So true!!!! I can't stop bringing them home. The goal was to sell a few to make a little extra money but I found myself wanting to keep all of them.


----------



## Outlaw90 (Jun 23, 2011)

58 Schwinn American
Jc Pennys Formost Wildcat
80's Schwinn Cruiser
74 Schwinn Deluxe Collegiate 5 speed
Rand Galaxy Cruiser
Huffy Prairie Flower
and many other frames.


----------



## kmrcdd (Jun 23, 2011)

Well, The fever hits hard....just got started with a 53 Schinn World, added a 59 Schwinn Speedster & a late 40s early 50s Manton & Smith. Bought 8 today -including a Schwinn Hornet, a Hollywood, Fair Lady, & a Stingray. The wife's gonna ^*$%&@ kill me!!!!LOL


----------



## StevieZ (Jun 23, 2011)

Hummm lets see. At any given time I have 15 to 20 in the shop. And cant tell ya how many parts.
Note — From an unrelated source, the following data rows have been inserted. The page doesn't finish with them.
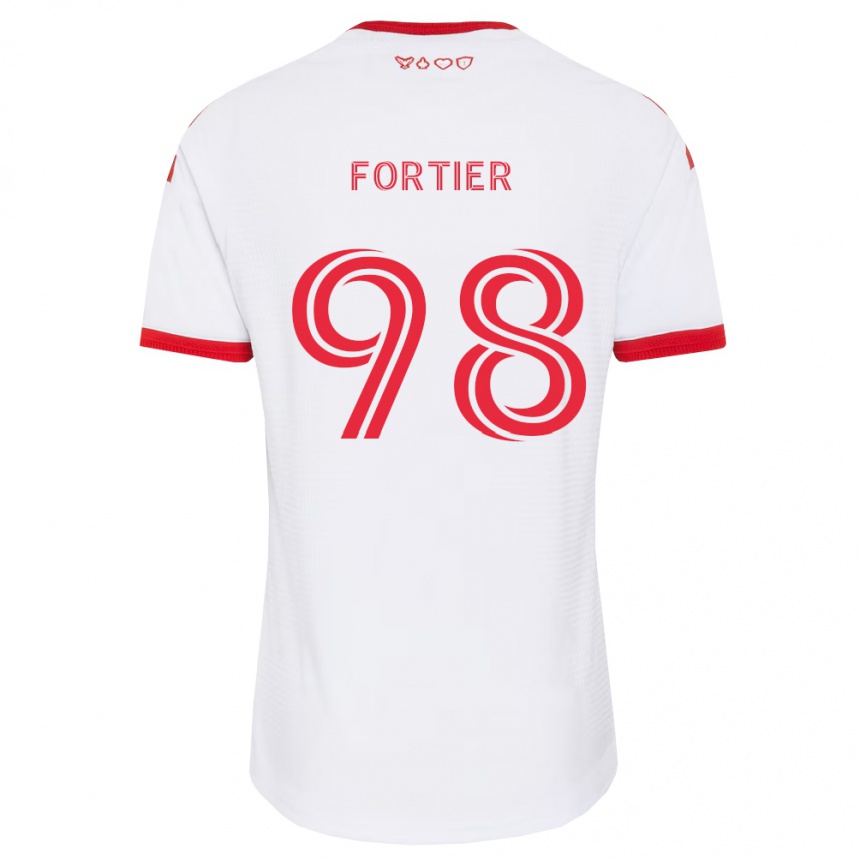 ילדים כדורגל Kristjan Fortier #98 לבן אדום שחור הרחק ג'רזי 2026/27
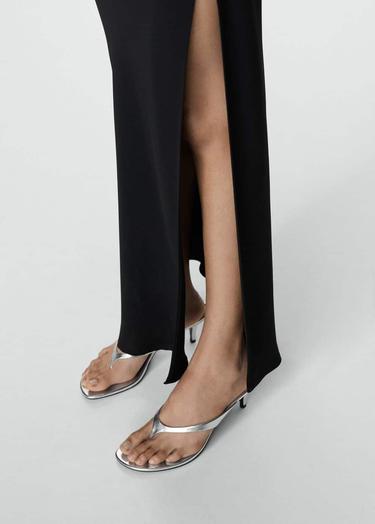  Mango Kadın Metalik Topuklu Sandalet Gümüş Rengi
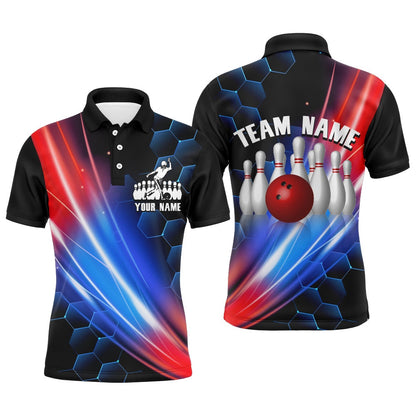 Custom Bowling Polo Shirts, Bowling Polo Shirt Men Custom Bowling Shirt For Team Personalized Black Bowling Jerseys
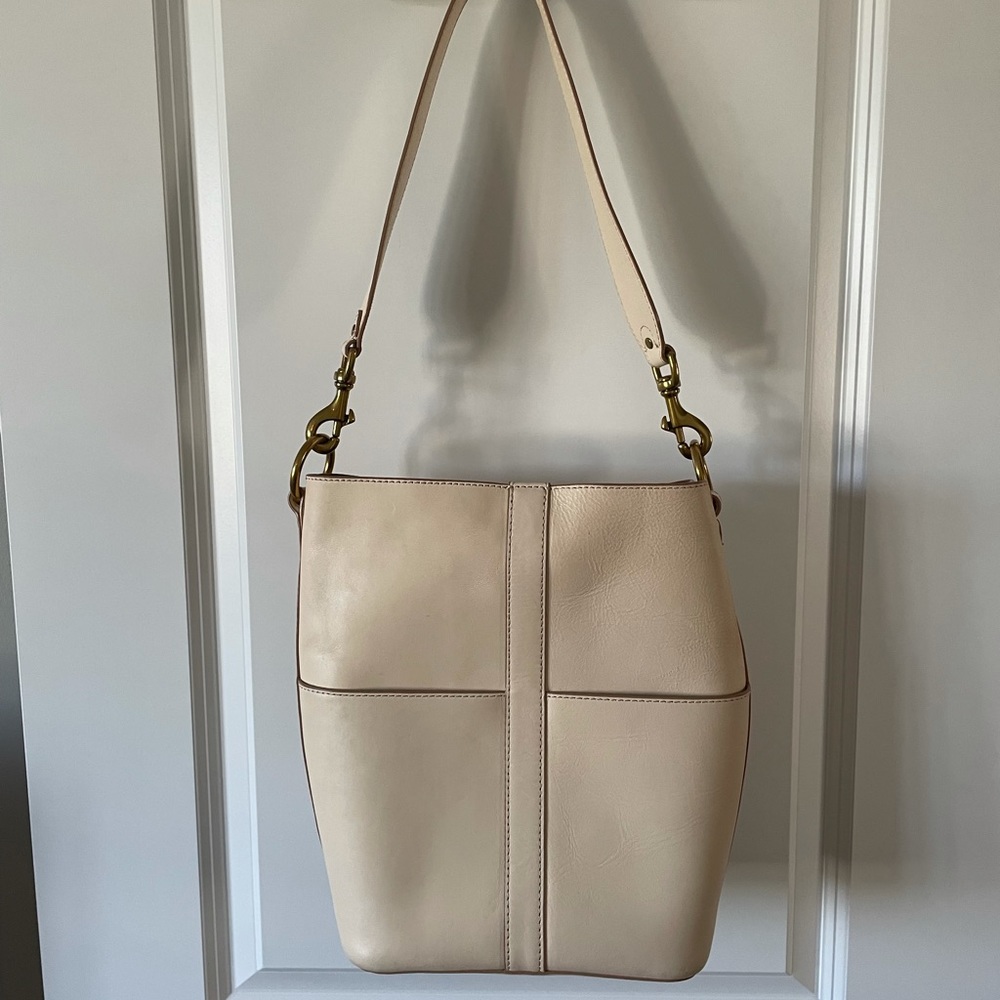 FRYE genuine leather cream bag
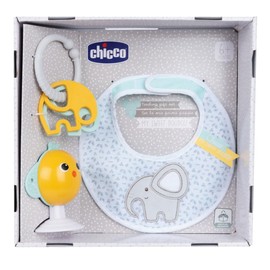 Chicco Meals Gift Set Dou Bib High Chair Toy with Suction Cup Cute Chick Shape with Two Colourful Rattles Easy to Grip from 6 Months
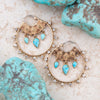 Celestial Blue Turquoise Golden Hoop Earrings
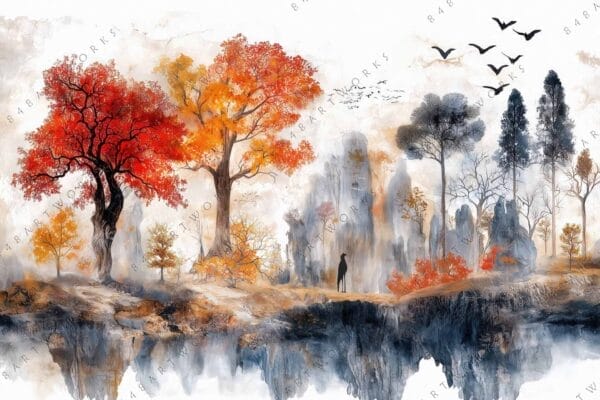 Digital painting of misty forest landscape with vivid red and orange trees.
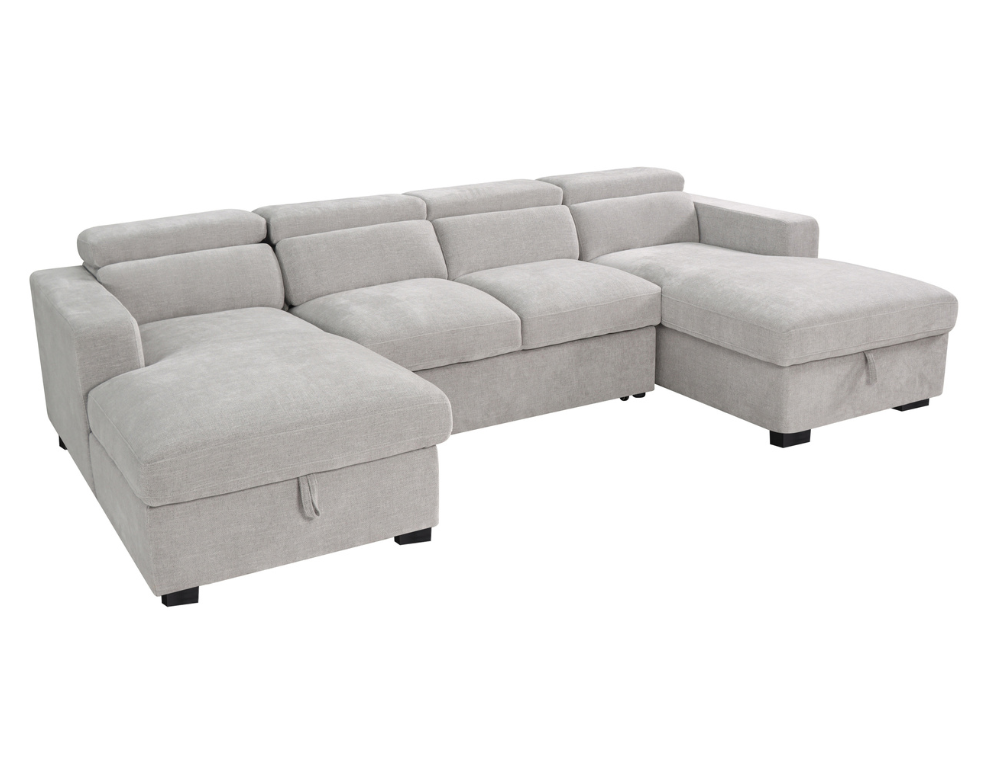 Larna 4 Seater Double Chaise – Pull Out Sofa Bed in Soft Glamour Fabric - 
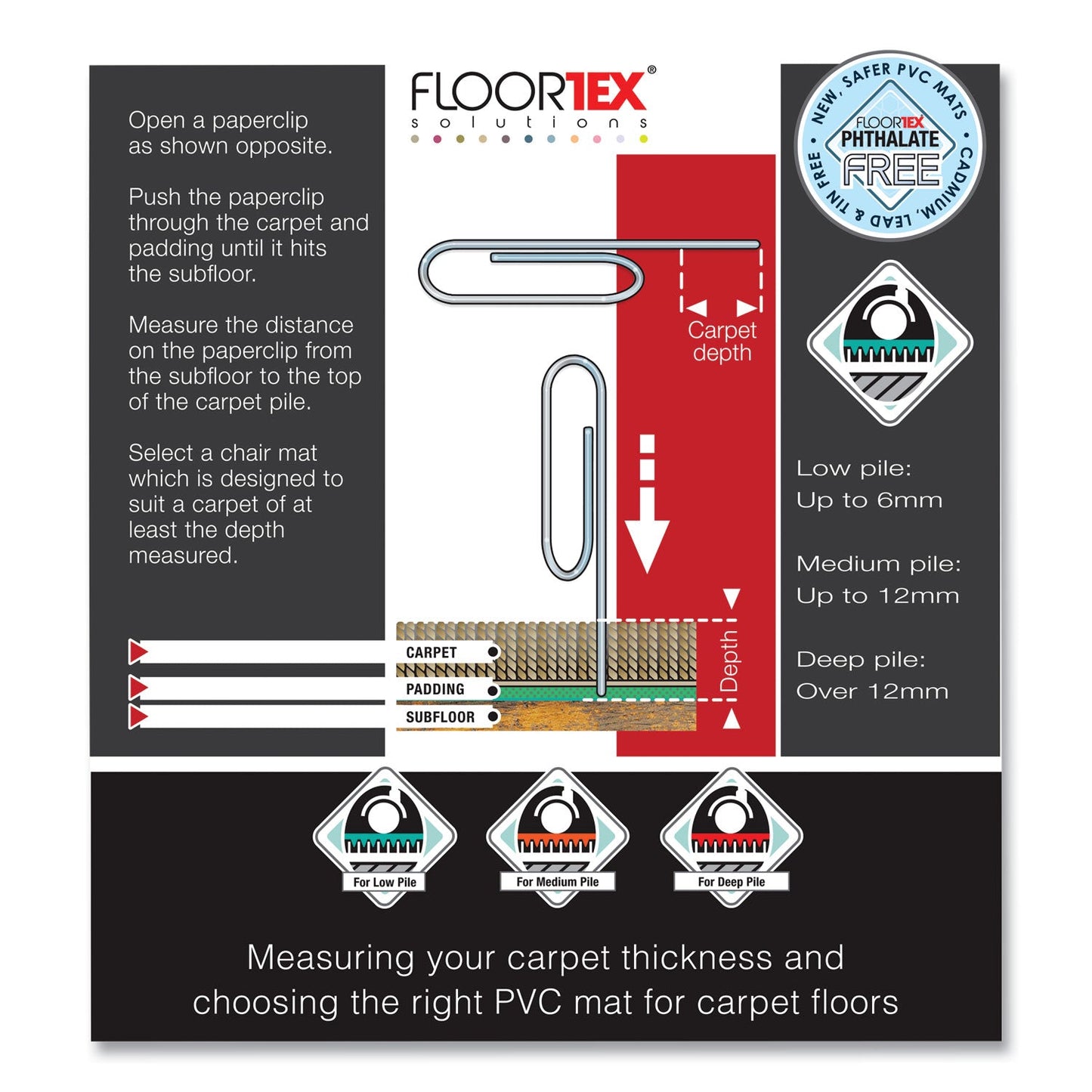 Floortex Cleartex Advantagemat Phthalate Free PVC Chair Mat for Low Pile Carpet, 60 x 48, Clear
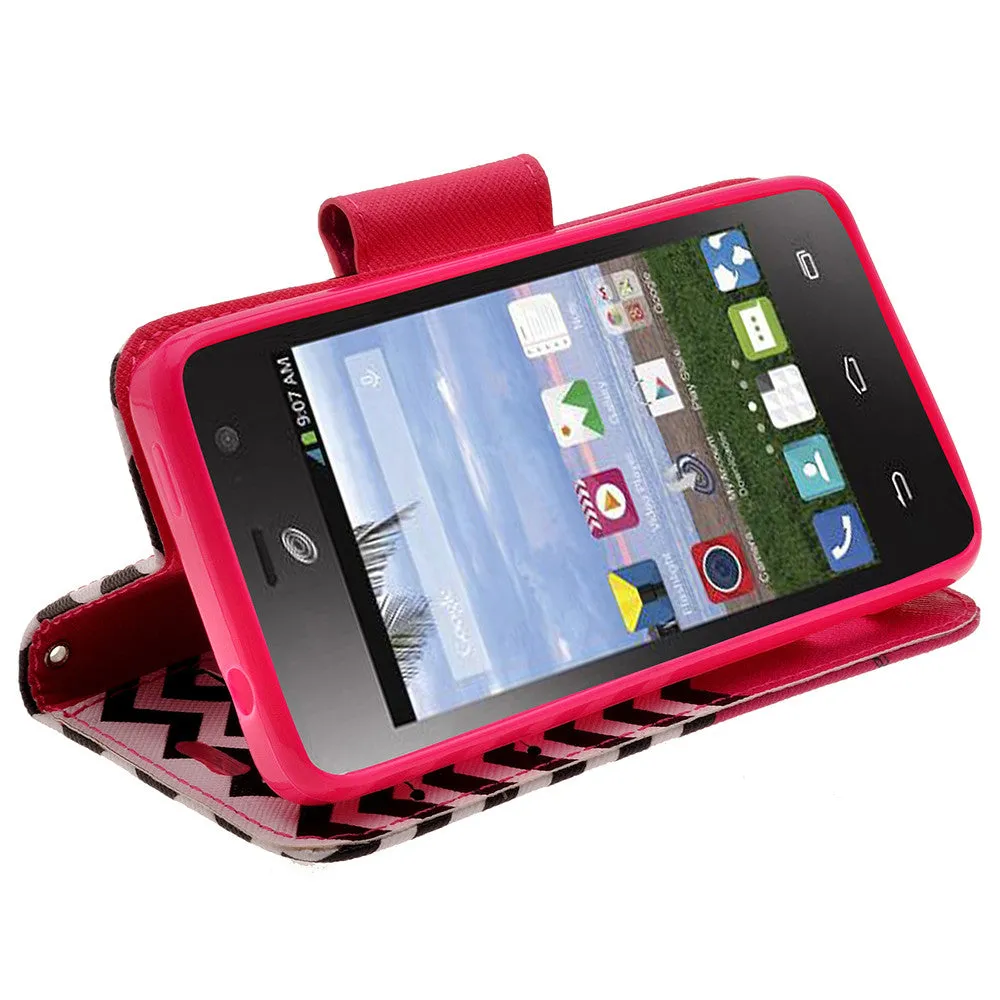 ZTE Zephyr Case, Wrist Strap Magnetic Fold[Kickstand] Pu Leather Wallet Case with ID & Credit Card Slots for ZTE Zephyr - Hot Pink Anchor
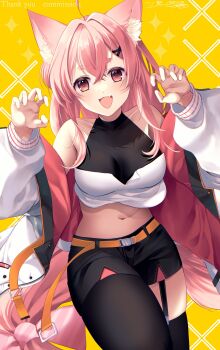  1girl absurdres ahoge animal_ear_fluff animal_ears bare_shoulders belt belt_buckle black_pantyhose black_shorts black_thighhighs breasts buckle claw_pose collarbone commentary commission crop_top fang fox_ears fox_girl fox_tail garter_straps hair_ornament highres indie_virtual_youtuber jacket jacket_partially_removed komomo_tama long_hair long_sleeves midriff mintxnao navel open_clothes open_jacket open_mouth orange_belt pantyhose pink_eyes pink_hair shorts sidelocks single_leg_pantyhose single_thighhigh skeb_commission skin_fang solo tail thank_you thick_eyebrows thighhighs two-sided_fabric two-sided_jacket untranslatable_commentary very_long_hair virtual_youtuber white_jacket x_hair_ornament yellow_background 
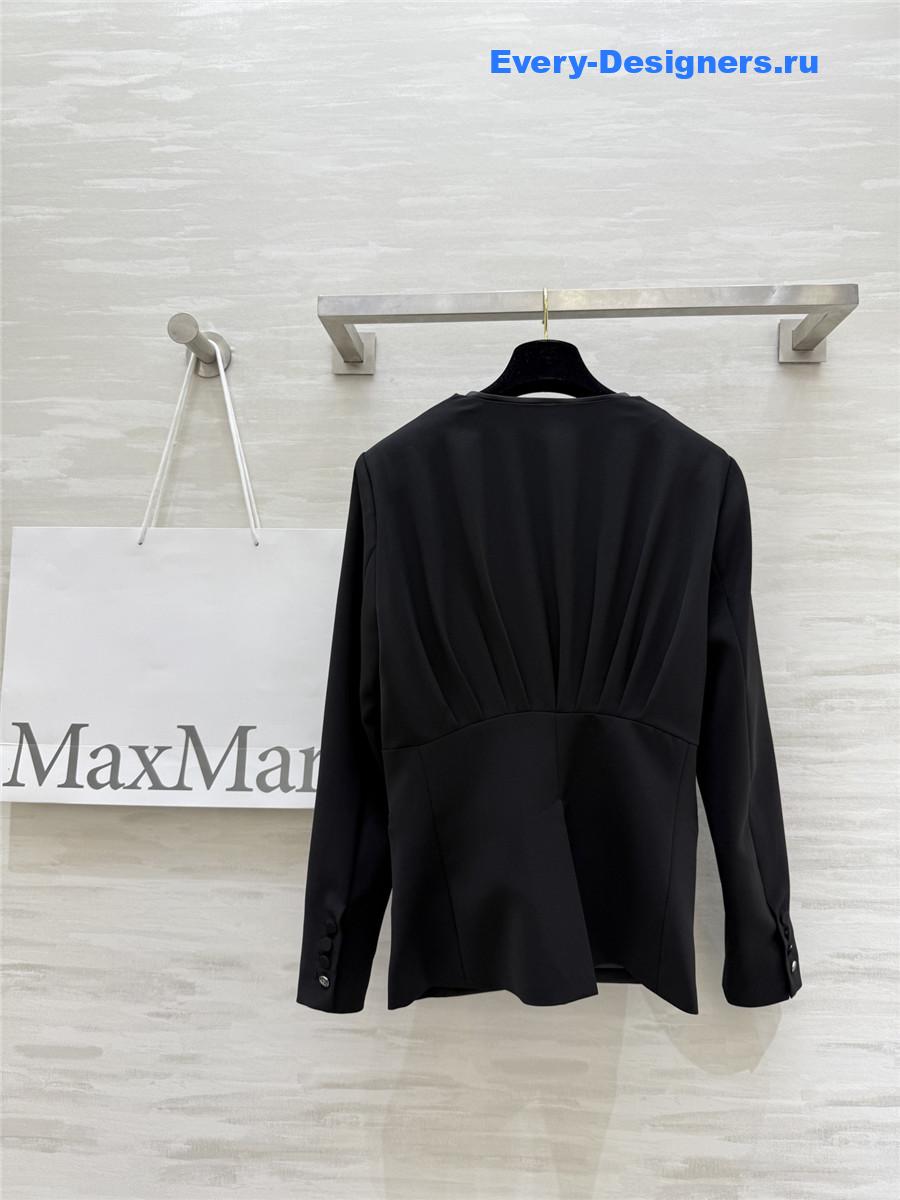 Max Mara Black Crêpe Draped Jacket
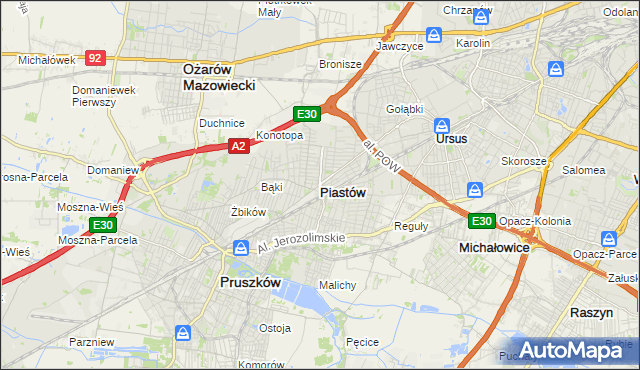 mapa Piastów powiat pruszkowski, Piastów powiat pruszkowski na mapie Targeo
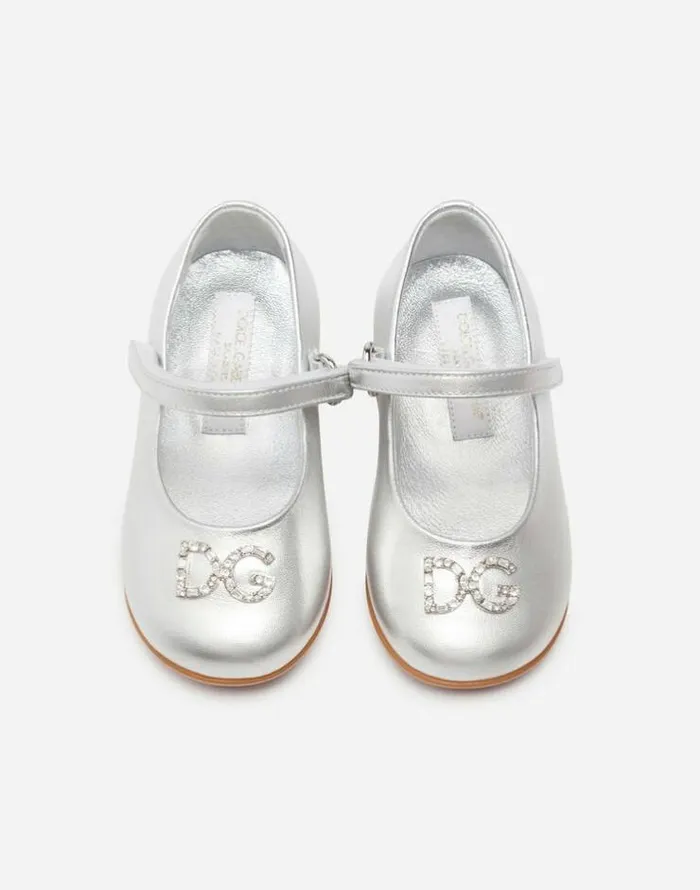 Dolce and Gabbana Shoes For First Steps 1926 Children Foiled Nappa Leather Mary Janes Silver Dolce and Gabbana Shoes For First Steps 1926 Children Foiled Nappa Leather Mary Janes Silver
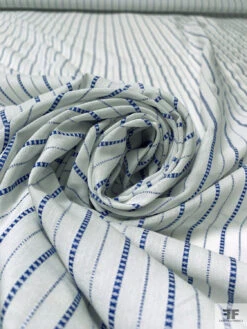 Vertical Striped Yarn-Dyed Silk-Cotton Soft Shirting - Off-White / Blue 14 Vertical Striped Yarn-Dyed Silk-Cotton Soft Shirting - Off-White / Blue -Fabrics And Fabrics Store 20267 3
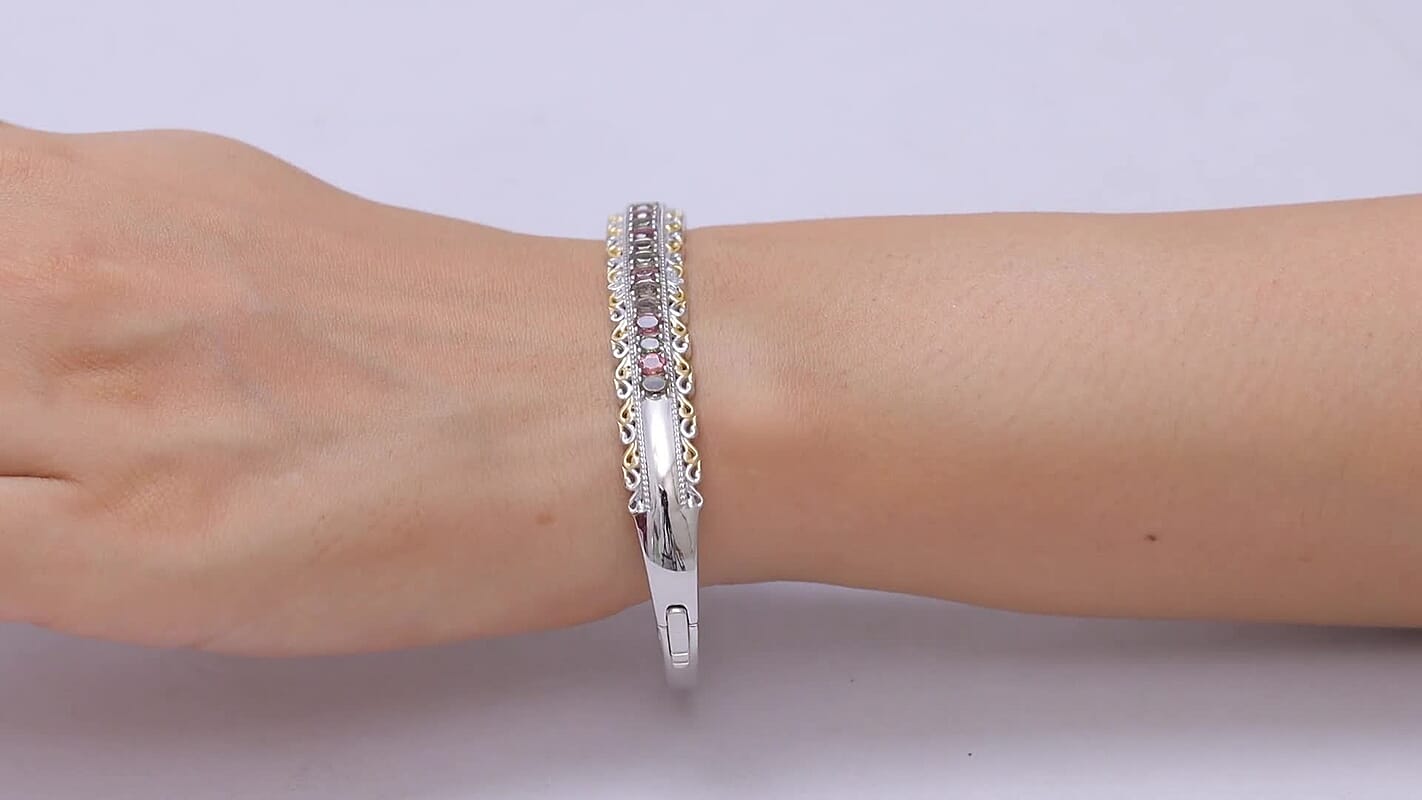 EverTrue Tanzanite Victorian Filigree Bangle Bracelet in 18K YG Plated and Platinum Bond (6.50 In) 2.35 ctw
But bikes of my own in my own personal collection 6 plus a whizzer.


----------



## sdjoe86 (Jun 28, 2011)

I have 4 in my 1 bedroom apt! its getting a bit cramped in here. 
1937 CWC Roadmaster.
1966 Schwinn Collegiate 5 speed.
1967 Murray Jet Fire( still looking for a lense...)
1970's custom huffy.


----------